Responding to a question regarding relations with neighbours, the prime minister said, "Pakistan's relations, especially with Afghanistan and India, are crucial." He, however, expressed disappointment that India did not respond to Pakistan's initiative for dialogue.
"We need stability and that means peace with all neighbours. Our problems right now are with Afghanistan and India but I am afraid we received no response from India, in fact, we got rebuffed by New Delhi," he said.
"Now what we are hoping is that we wait until the elections then again we will resume our peace talks with India," he added, referring to upcoming national polls scheduled to take place by mid-May in India.
Regarding the measures his government is taking for the empowerment of women, PM Imran said, "You can only empower women if you educate them. When we were in power in Khyber Pakhtunkhwa, we decided that for every 100 colleges built 70 would be for women."
"Our housing project will also involve women. Women also do not get their inheritance rights as mentioned in the Shariah law so we are also working to financially empower them and ensure that they get their rights," he said.
Prime Minister Imran Khan along with his delegation met Saudi King Shah Salman Abdul Aziz at the Royal Palace.

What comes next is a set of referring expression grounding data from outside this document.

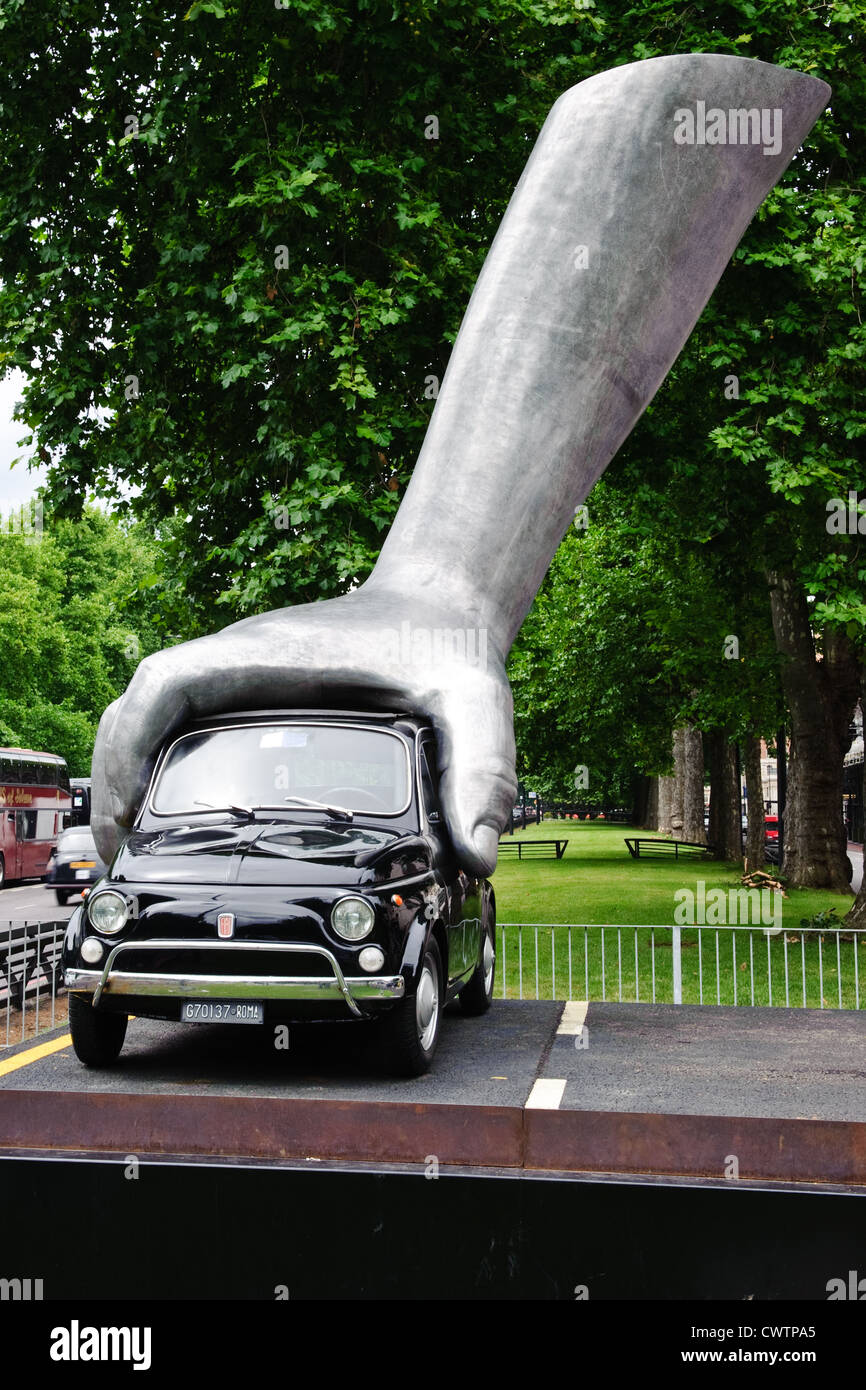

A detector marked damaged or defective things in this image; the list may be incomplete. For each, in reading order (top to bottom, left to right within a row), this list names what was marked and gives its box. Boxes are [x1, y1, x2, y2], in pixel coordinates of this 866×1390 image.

rusty steel base [1, 1096, 864, 1192]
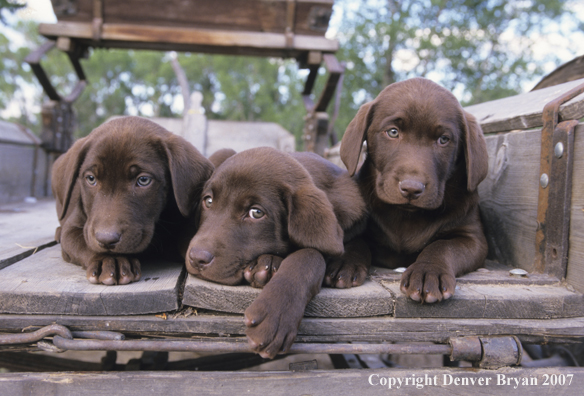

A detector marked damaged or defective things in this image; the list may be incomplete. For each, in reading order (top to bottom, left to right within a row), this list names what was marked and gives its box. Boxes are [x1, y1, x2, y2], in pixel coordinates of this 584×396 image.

rusty metal bracket [532, 81, 584, 278]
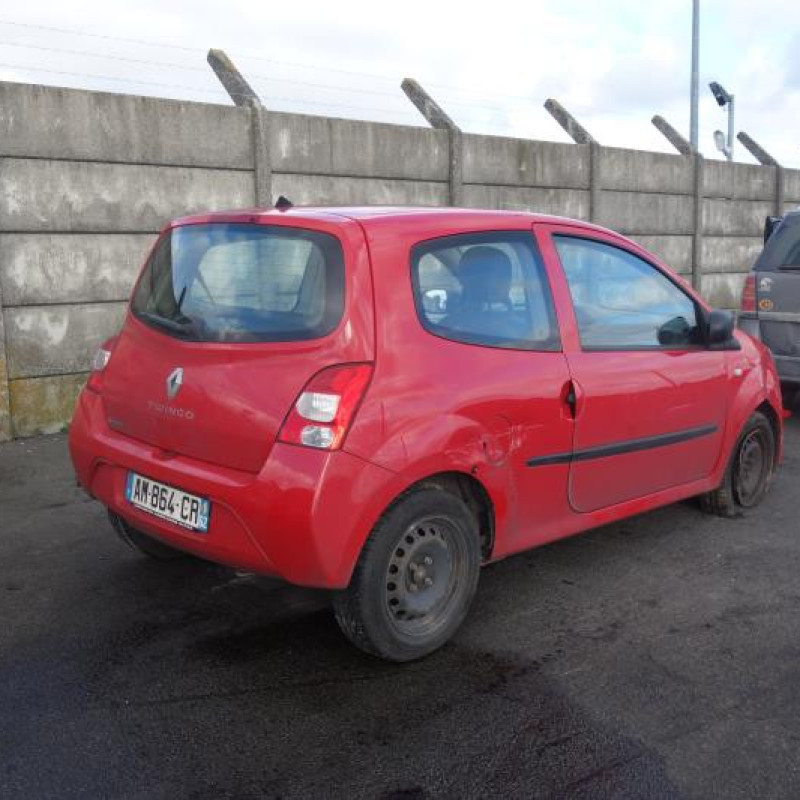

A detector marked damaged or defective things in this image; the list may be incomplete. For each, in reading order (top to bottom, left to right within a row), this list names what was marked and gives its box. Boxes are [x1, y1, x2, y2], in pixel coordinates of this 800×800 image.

dent on car door [544, 233, 732, 512]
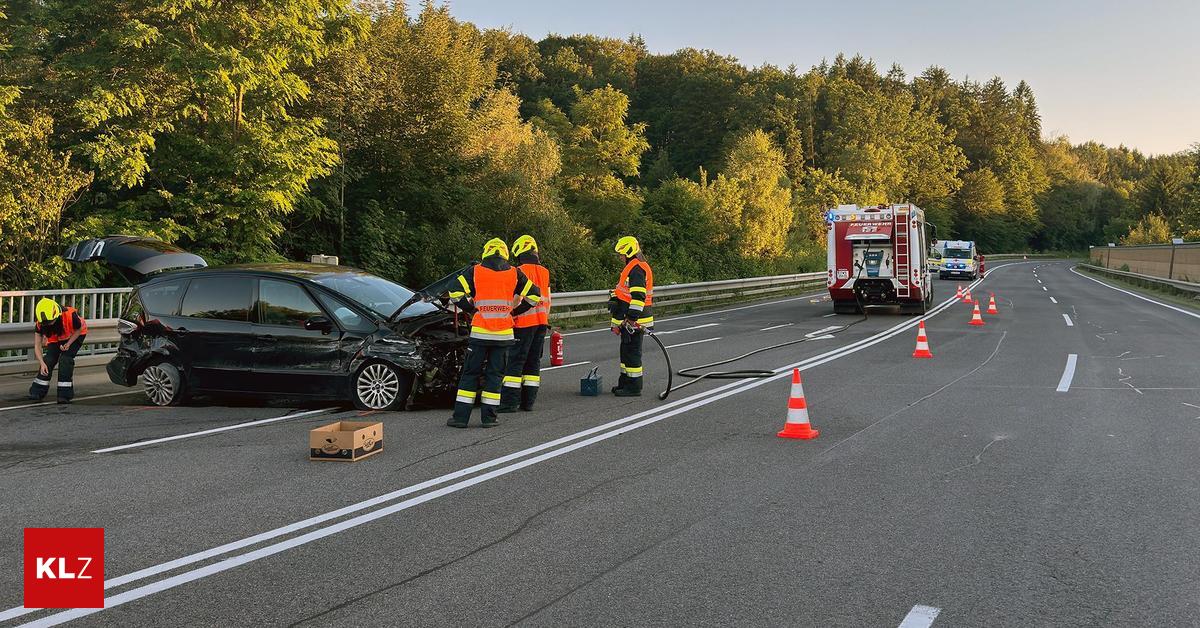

During the meeting views were exchanged on bilateral relations and the global political situation. The two leaders also discussed matters pertaining to mutual interest, trade, investment and economic ties.
The Pakistani delegation included Foreign Minister Shah Mehmood Qureshi, Information Minister Fawad Chaudhry, Finance Minister Asad Umar and Minister for Industries Razaq Dawood.
The premier arrived in Saudi Arabia on Monday on a two-day official visit to attend the investment conference that numerous other world leaders and corporates have skipped over the issue of dissident journalist Jamal Khashoggi's death.
Khan, who landed in Medina and was welcomed by Governor Faisal bin Salman bin Abdulaziz Al Saud, paid a visit to the Roza-e-Rasool (PBUH) before departing for Riyadh to attend the Future Investment Initiative (FII) conference.
In Riyadh, Governor Faisal bin Bandar Al Saud and Khan Hasham Bin Saddique, the Pakistani Ambassador to Saudi Arabia, welcomed him at the King Khalid International Airport.
“The reason I feel I have to avail myself of this opportunity is because, in a country of 210 million people right now, we have the worst debt crisis in our history," he mentioned to the Middle East Eye (MEE) in an interview that was published on Monday.
The prime minister is also slated to meet Crown Prince Mohammed bin Salman, who, himself, is surrounded by controversy in what the world is calling Riyadh's alleged involvement in the orchestration of Khashoggi's murder in the Saudi consulate in Istanbul, Turkey.
The Pakistani premier told an interviewer before leaving for Riyadh that despite his concern over Khashoggi’s death, he could not skip the conference as “we’re desperate” for possible Saudi loans to shore up Pakistan’s economy.
“Unless we get loans from friendly countries or the IMF [International Monetary Fund], we actually won’t have, in another two or three months, enough foreign exchange to service our debts or to pay for our imports. So we’re desperate at the moment.”
PM Imran is accompanied by Shah Mehmood Qureshi, Asad Umar, and Fawad Chaudhry, the ministers of foreign affairs, finance, and information, respectively, as well as Pakistan Board of Investment Chairperson Haroon Sharif and renowned economist Abdul Razak Dawood, the adviser to the premier on commerce, textiles, industries production, and investment.